Optimization Project part 3 (SPO600)

After some selection and benchmarking, I am finally ready to try optimizing a piece of software as part of my Software Optimization and Portability course’s final project.

I noted in my project plan that CityHash, the hash function I chose to optimize, was already fairly optimized. It used O3 compiler flags, meaning that most of the free compiler optimizations were already made. The algorithm itself is also very complex and streamlined, such that rewriting it on a basic level is probably beyond my current ability. So my choice was to try and use SIMD instructions to vectorize the code, using assembler, or otherwise using assembler to speed things up.

But after reviewing the code further, I can see some issues with this too. There aren’t many long repetitive loops that would make vectorizing it a profitable venture (speed-wise). Loops are generally tied to string length, so the utility of doing that is also questionable. So here is my revised strategy:

  1. Try various compiler flags beyond O3
  2. Profile Guided Optimization
  3. Using another compiler
  4. If time is left over, try to speed things up in assembler

 

Compiler Flags

Flag combinations:

-march=native

This flag allows the compiler to use CPU architecture specific commands, mening it will not necessarily run the same on another CPU (unless you compile it again on that machine). This lowered the minimum time taken to run slightly, though made it less consistent. Instead of taking a minimum time of about 1101ms, it started to take about 1093ms as a minimum time. This is only a 0.7% decreased time to run in the best case, and the same speed or slightly worse a lot of the time.

-Ofast

This one got a similar speedup to -march=native on the high end, but is more consistent. With 1091ms as the minimum time, thats a 1.0% speedup. Still not amazing, but interesting for the relative ease.

This small speedup could be within error, but my strategy for minimizing error is to assume that on a machine with almost nothing running, the shortest time (if consistent) vaguely represents the “true runtime” on that machine under those conditions. This logic might not be perfect, but if a program is running consistently within a very tight duration I think this comparison is sane. Larger fluctuations are a different matter.

-Ofast -march=native

Combining the two does not seem to offer twice the speedup. I think I prefer the consistency of just having -Ofast here. -march=native doesn’t seem to add anything (still 1% speedup like in -Ofast), and just lowers the consistency, occasionally slowing it down by a good 10%.

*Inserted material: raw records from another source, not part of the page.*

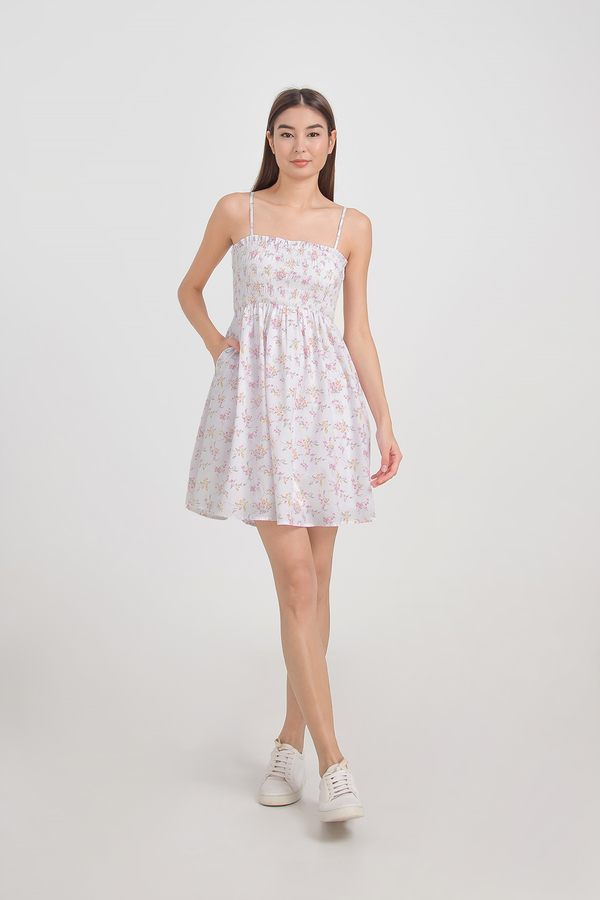 Amaryllis Shirred Babydoll Dress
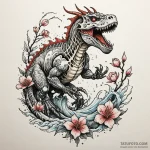 Paleontologist uncovering a robotic dinosaur… — эскиз тату (№1750542249_1, 21.06.2025 21:44) — Tatufoto.com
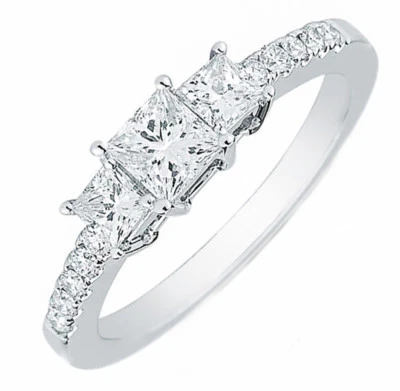 GIA Certified 2.00ct Diamond Engagement Ring Princess & Round Cut 14k White Gold - Изображение 1 из 3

-Ofast -fno-signed-zeros -fno-trapping-math

I included a few extra flags that are similar to -Ofast but not within -Ofast itself. There was no noticeable difference from the original -O3 suggested by Google.

–msse4.2

Remembering this as a suggested option from googles documentation, I tried to combine this and some of the previous flags in different combinations. Once again, no speedup was found.

-frename-registers and f-unroll-loops

I tried these separately, combined with -Ofast. Nothing special, once again. I think they depend on the code being a certain way to make a significant difference.

 

Compiler flag summary:

So far, just the -O3 vs -Ofast flag is to my liking. I will try both versions going forward as I make the rest of my changes. But considering there is only about a 1% change, I’m not ready to call it.

 

Profile-Guided Compiler Optimizations

By setting the compiler flags on cityhash to be -fprofile-generate, running the program, and then switching it to -fprofile-use, I noticed another slight speedup. The range of speeds I was getting was consistently shifted down from the original 1101ms-1109ms down to 1082ms-1090ms. Although somtimes it still took 1090ms+ or even 1100ms, in general there was a consistent speedup. This ~20ms speedup amounts to about 2%. Still not amazing, but I’ll take what I can get.

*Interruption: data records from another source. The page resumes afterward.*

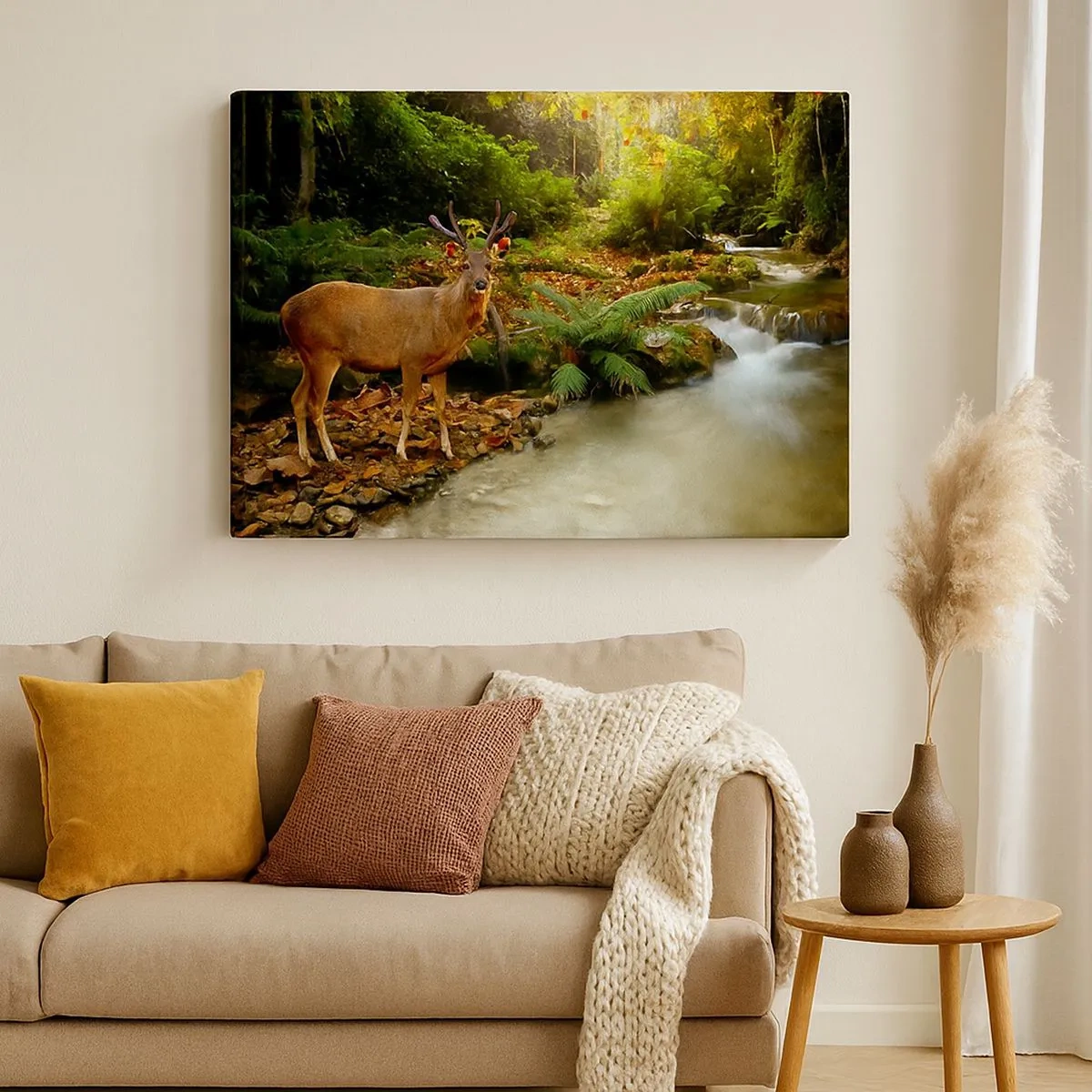 Impression sur toile - Image sur toile - Un cerf près d'un ruisseau entouré de verdure dans la forêt - 70x50cm - Bienvenue dans mon monde - Décoration murale moderne pour le salon et la chambre ARTTOR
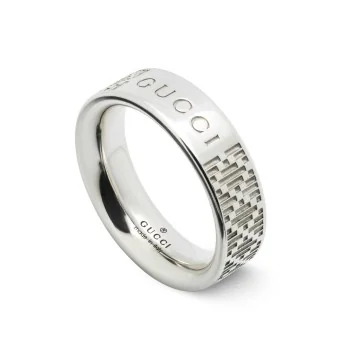 Gucci Sterling Silver Diamante Engraved 6mm Ring YBC 843748 001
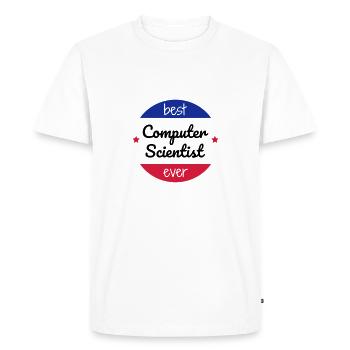 informatique / informaticien / ordinateur / geek - T-shirt Premium bio Homme - blanc - Devant - Nico (187cm)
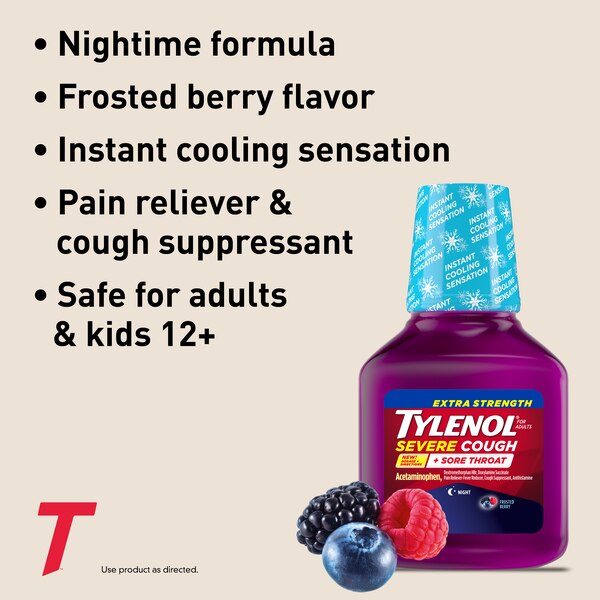 Tylenol Extra Strength Severe Cough + Sore Throat Night Liquid, 8 OZ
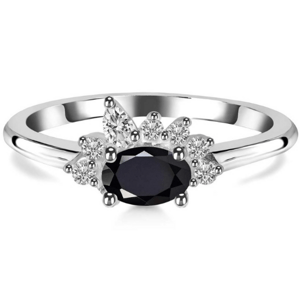 Klenoty Amber Luxusní stříbrný prsten s turmalínem a topazy Ochránce Velikost: 55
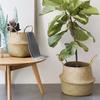 Seaweed Woven Flower Basket Woven Belly Basket Woven Basket Storage Basin Belly Basket Storage Flower Pot Basket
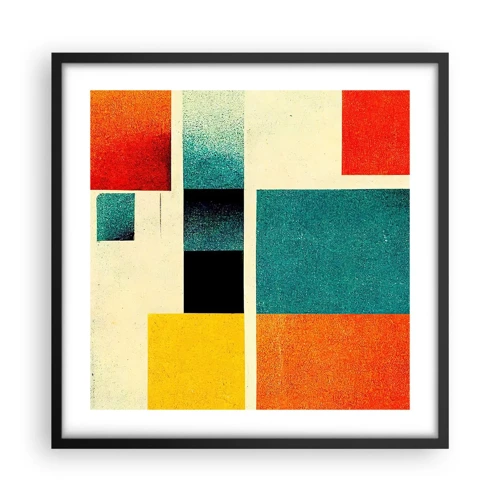 Poster in een zwarte lijst - Geometrische abstractie – goede energie - 50x50 cm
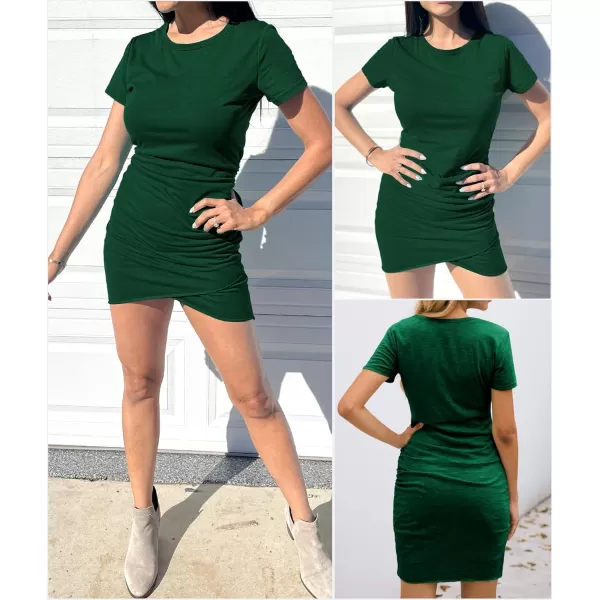 BTFBM Womens 2024 Summer Casual Beach Dresses Crew Neck Short Sleeve Wrap Party Club Mini Ruched Bodycon T Shirt DressDark Green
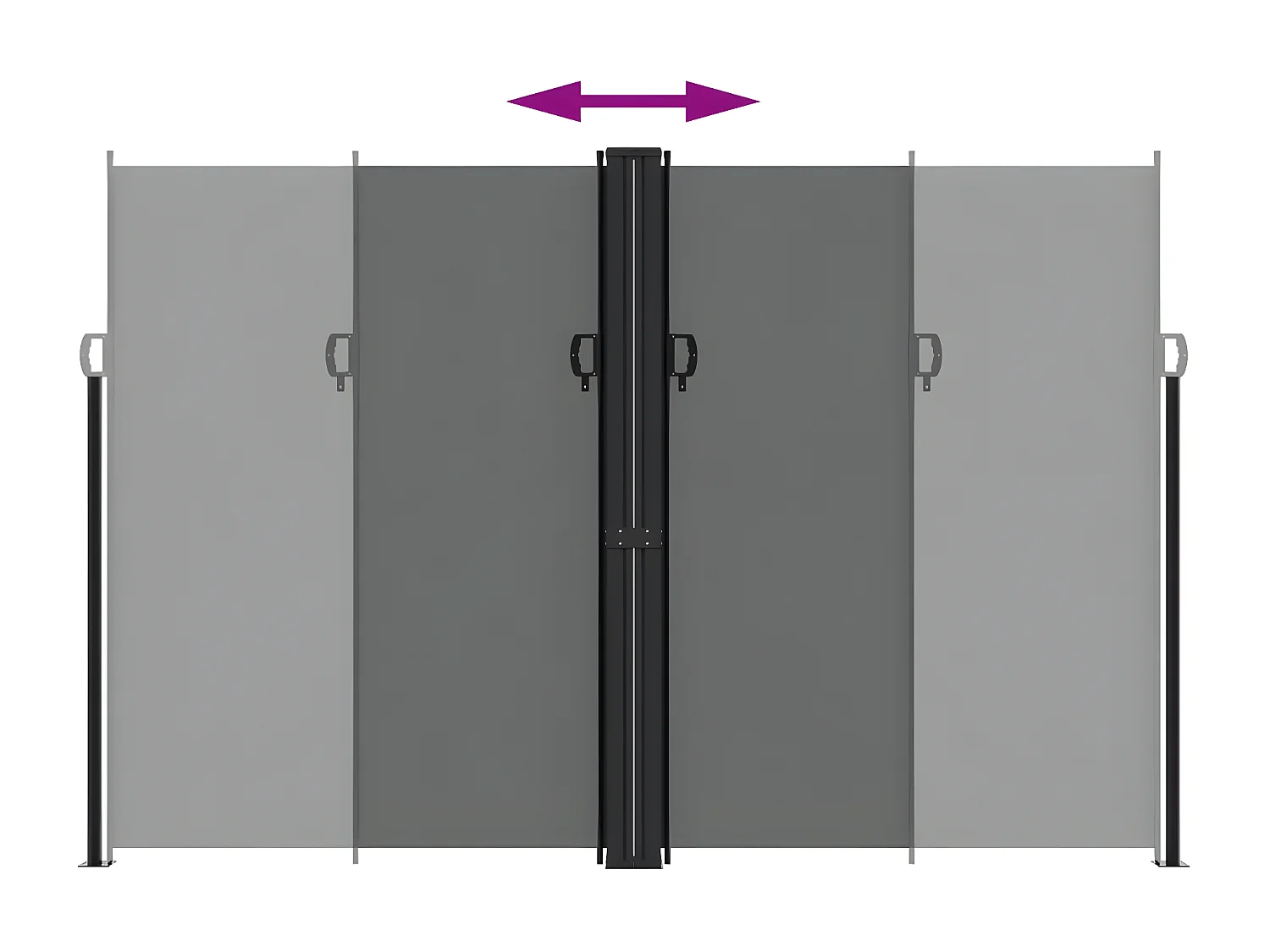 Toldo lateral retráctil gris antracita 220x600 cm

Delighted with this change, I felt a little cheeky and tried to do this:

-O3 -fprofile-use

It didn’t work. I can only assume that the parts of O3 does that the profile didn’t want were left out for a reason. I’m not even sure how they interact, to be honest. But it was worth a shot. I skipped trying the same cute trick with -Ofast.

 

Using another compiler

I read somewhere that there is a compiler that can optimize more aggressively than gcc. This is the Intel C++ compiler from Intel Parallel Studio XE. Fortunately, it seems that Seneca College has a floating license, and I was able to get access for use in my school project. The cool thing here is that there is an auto-vectorizer (which of course, can only kick in if the code is already auto-vectorizable). It also has its own O2 and O3 capabilities, as well as PGO (which I used gcc for), but I ignored those since I already did those types of optimizations.

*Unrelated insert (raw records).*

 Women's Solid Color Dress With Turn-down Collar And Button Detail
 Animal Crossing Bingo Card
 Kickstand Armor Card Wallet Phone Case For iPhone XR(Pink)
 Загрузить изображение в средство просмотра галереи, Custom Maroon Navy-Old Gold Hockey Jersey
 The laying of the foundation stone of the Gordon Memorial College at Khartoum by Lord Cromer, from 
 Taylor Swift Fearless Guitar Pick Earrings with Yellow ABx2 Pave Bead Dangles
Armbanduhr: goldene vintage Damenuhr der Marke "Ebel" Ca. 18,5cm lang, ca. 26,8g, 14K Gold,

Unfortunately, even after installing and setting everything up, I could not get the compiler to compile anything. The cityhash makefile was quite long and complicated, and getting it to use another compiler was impossible. I tried to compile it manually myself, but whenever I attempt that without the makefile (even for gcc) it wants to import a file that cannot be located. Here is roughly what I had planned to do, based on this guide (page 7):

1) compile and run once with auto-vectorizer     ( icc -O3 -no-vec city.cc -o city.o )

2) compiler and run once without auto-vectorizer ( icc -O3 -vec-report -o city.o )

3) compare runtimes

4) repeat with -Ofast if the intel compiler allows it

 

Using Assembler

To be honest, I couldn’t get anything to work in this department.  My skill in assembler is is pretty low and my attempts to rewrite things in the language never succeeded on any level. Though while this could theoretically be possible, I doubt there would be much to gain here. The hash function is already pretty fast.

Advertisements

OSD600, Course in Review

Over the past few months, I’ve been taking a course called Topics in Open Source Development at Seneca College. This post will be about my experience in the course.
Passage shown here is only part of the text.